Kelihatannya tak terlalu banyak yang tahu ada gerakan Hari Tanpa TV yang diprogram 20 Juli 2008 ini. Entah di mana macetnya publikasi gerakan ini, namun anjuran tersebut baik untuk dicermati. Dari selebaran yang dibawa pulang suami hari Ahad 20 Juli siang, penulis baru tahu bagaimana bentuk program ini. Sebelumnya penulis sempat menonton potongan berita di televisi tentang program ini dan dalam berita tersebut stasiun tv yang memberitakan justru menyoroti “tak terdengarnya gaung acara ini”. Biasalah, semacam mencibir bahwa program yang kontra dengan kepentingan mereka (stasiun televisi) ternyata tak bergaung di masyarakat.

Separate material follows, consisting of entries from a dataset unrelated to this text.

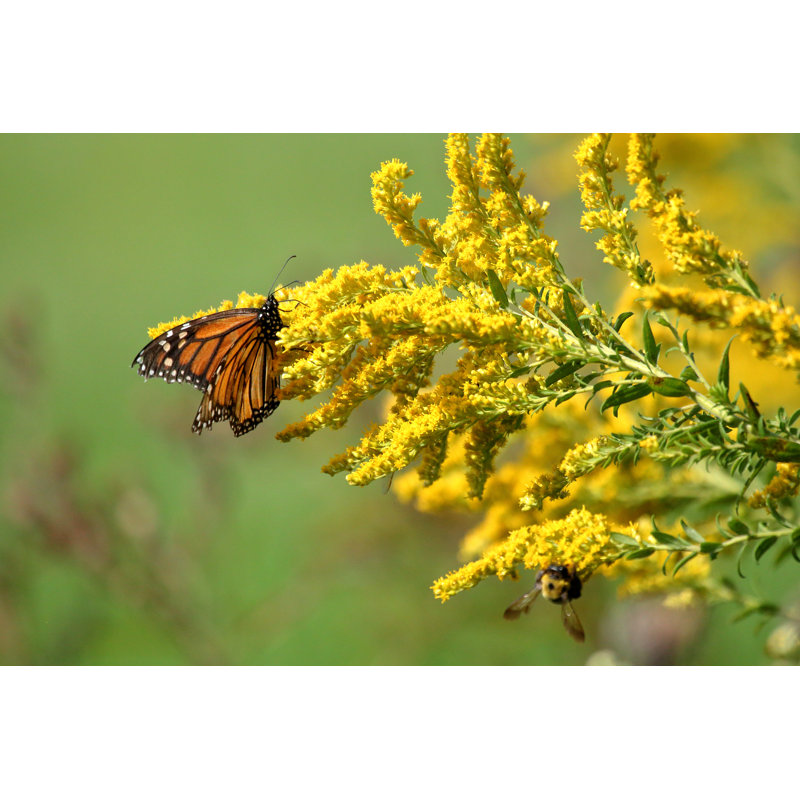 Automne monarque - photographie sur toile tendue, L 48 po x H 32 po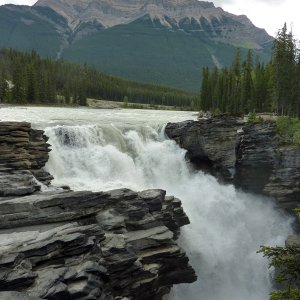 Athabasca Falls, Jasper Nationalpark, Alberta, Canada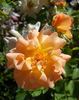 F. J. Lindheimer rose photo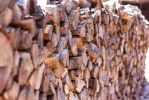 IMG_5126.jpg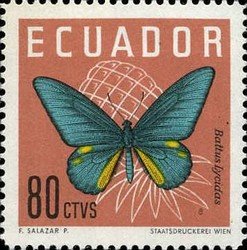 Cramer's Swallowtail (Battus lycidas)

Terlepas dari itu semua, anjuran mengurangi dan mengontrol televisi sudah lama menjadi nasehat para pakar masalah anak dan pendidikan.
Tak ada di antara para pakar yang menafikan masih adanya manfaat televisi dalam kehidupan kita, namun dewasa ini perbandingan manfaat dan mudharatnya sungguh tak seimbang. Karena ketimpangan ini banyak da’i sudah sejak lama menganjurkan untuk tak usah punya tv. Perlu se-ekstrim itukah? Penulis lebih cenderung agar setiap rumahtangga mempertimbangkan sendiri-sendiri baik buruknya memiliki televisi dan bagaimana mengatur pemanfaatannya. Asalkan faham dan terampil mengaturnya, kita masih bisa mendapatkan manfaat kehadiran televisi sambil mereduksi/ mengurangi keburukannya.

1. Pertama kita tinjau lebih dahulu apa manfaat yang kita ingin peroleh dari tv. Misalnya untuk mengetahui berita, mengikuti acara ilmu, memantau perkembangan pemikiran di masyarakat dan lain sebagainya, selain mungkin ada juga keinginan untuk menikmati acara hiburannya. Perhatikanlah jam-jam tayang setiap acara yang ingin diambil manfaatnya tersebut dan siapa saja yang boleh menontonnya.

2. Kedua tinjau situasi dan kondisi rumahtangga kita, siapa sajakah penghuni rumah dan bagaimana seharusnya kita menempatkan benda tersebut. Anjuran penulis: tempatkan di tempat yang agak terpencil namun terpantau dengan mudah oleh orangtua. Misalnya di arah berhadapan dengan depan pintu kamar orangtua. Atau bahkan lebih baik jika di dalam kamar orangtua. Kadang kita ketahui satu rumahtangga memiliki lebih dari satu pesawat tv. Sebenarnya tak bisa dikatakan berlebihan jika alasannya justru untuk mengendalikan pemanfaatan tadi. Tempatkan pesawat tv untuk orangtua di kamar tidurnya dengan aturan yang berbeda daripada tv keluarga di luar kamar tidur orangtua. Bahkan tv keluarga sebaiknya berkunci sehingga tidak bisa di akses tanpa izin. Jangan sekali-kali memanjakan anak dengan memberikan mereka tv khusus di kamar pribadi mereka. Lebih baik membelikan komputer karena lebih besar manfaatnya.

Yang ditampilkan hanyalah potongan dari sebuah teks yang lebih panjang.